Later nam hij het GT40 project over en zette hij special varianten van de populaire Mustang op de weg. Na de vier achtereenvolgende overwinningen op Le Mans had Ford echter wel even genoeg gehad van de GT-racerij, waardoor Shelby op zoek moest naar een nieuwe partner.
Mes in de rug
Via een oude bekende kwam Carroll in contact met Toyota. De Japanners aasden erop om de lucratieve Amerikaanse markt over te nemen met een exotisch wapen: de 2000 GT. De bijzondere sportwagen werd ingezet als de ultieme halo car om Toyota's imago op te vijzelen. Naast een prominente rol in de Bond-film You Only Live Twice werd de auto vooral gepromoot op de recent aangelegde Japanse circuits.
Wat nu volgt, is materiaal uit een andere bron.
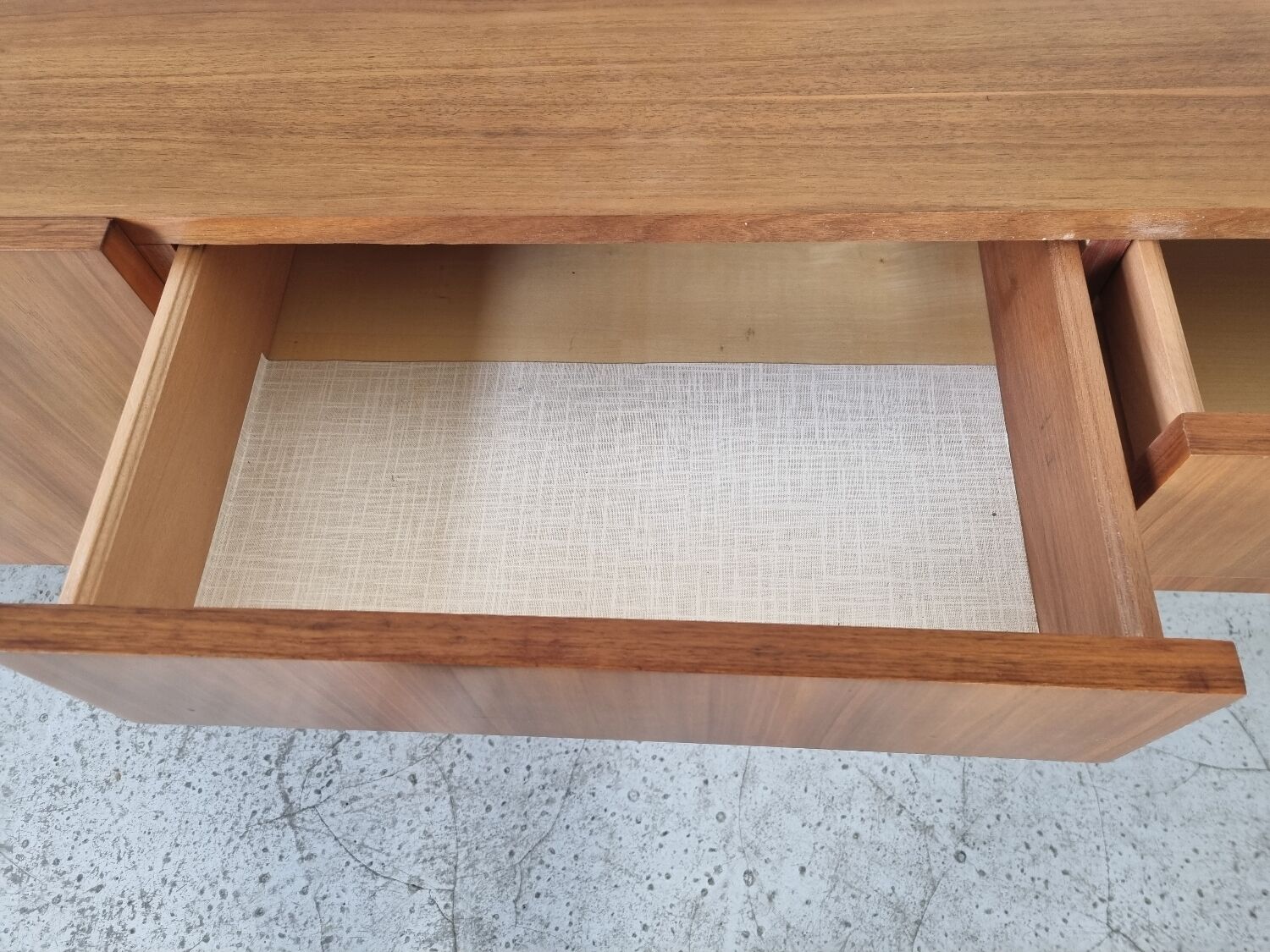 Scandinavian rowning Musterring walnut 60s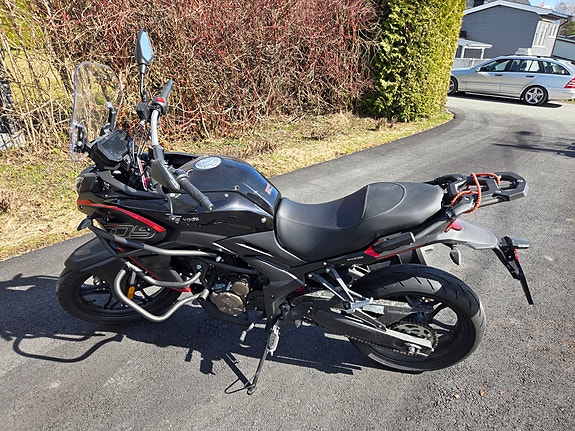 VOGE 300 DS 4 of 5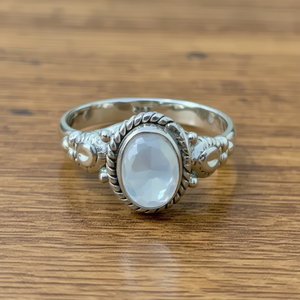 แหวนมูนสโตน มอยส์ซาไนต์ 3.4 กรัม สง่างามและโดดเด่น ประเภทสินค้า - Product Image 3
In een poging dezelfde publiciteit te genereren in de States had Toyota ontwerper Pete Brock gecontracteerd. Brock was verantwoordelijk voor de Shelby Daytona die in 1965 de Ferrari 250 GTO versloeg in het GT-kampioenschap. Zonder enige vorm van scrupules wurmde Carroll Shelby zich tussen zijn oude strijdmakker en Toyota en stelde hij voor de 2000 GT met lichte aanpassingen te runnen in het SCCA Production kampioenschap. Vanwege zijn reputatie en een lucratief bandencontract wist Shelby de Japanners te overtuigen Brock links te laten liggen.
Eenmalige oefening
Shelby prepareerde drie 2000 GT's met een 230 pk variant van de 3M tweeliter zesinlijn, magnesium wielen, minimale rolkooi, racekuipen en diverse andere kleine aanpassingen. Twee van die machines namen deel aan het SCCA seizoen, terwijl de derde dienst deed als een reserve. Coureurs Ronnie Bucknum, Scooter Patrick en Dave Jordan gingen in klasse C de strijd aan met een armada van Porsches.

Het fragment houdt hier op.